Por fin mi civilización, que estaba constituida sólo por varones adultos -no había niños, ni viejos, ni mujeres: es inútil preguntarse la razón- se lanzó al ataque contra el poderoso Temístocles. Surcaron ardientes el cielo los proyectiles de las catapultas, barritaron los elefantes a la carga, chocaron las espadas con una música sangrienta de metal y gritos. "¡A cuchillo! ¡A cuchillo!", gritaba yo, como un general enloquecido, ávido de sangre, con un ataque de ansiedad de tres pares de cojones que sólo podía calmar la victoria, dispuesto a pasarme toda la noche en vela hasta culminar mi genocidio particular.

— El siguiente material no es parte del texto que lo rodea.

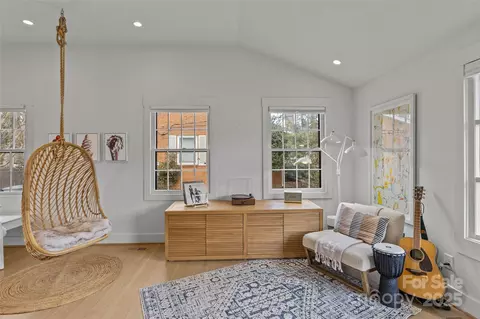 4238 Wright Ave, Charlotte, NC 28211 photo 9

Por fin, tras cuatro horas y media de encarnizada batalla -tal era mi enganche-, sonaron las trompetas del triunfo. Dejando atrás un panorama de muerte y desolación, un rótulo en la pantalla me indicó, entusiasta: "¡Has ganado!". Pero Temístocles organizó su resistencia, y cuando me marché a la cama después de apagar el ordenador, al cerrar los ojos, sus hombrecitos armados entraron en las filas de mis párpados, atacando a los campesinos en fase REM, así que seguí combatiendo en sueños, y supe que la batalla no había hecho más que comenzar. Como ustedes comprenderán, por la mañana estaba agotado, y decidí escribir éste artículo sobre la paz.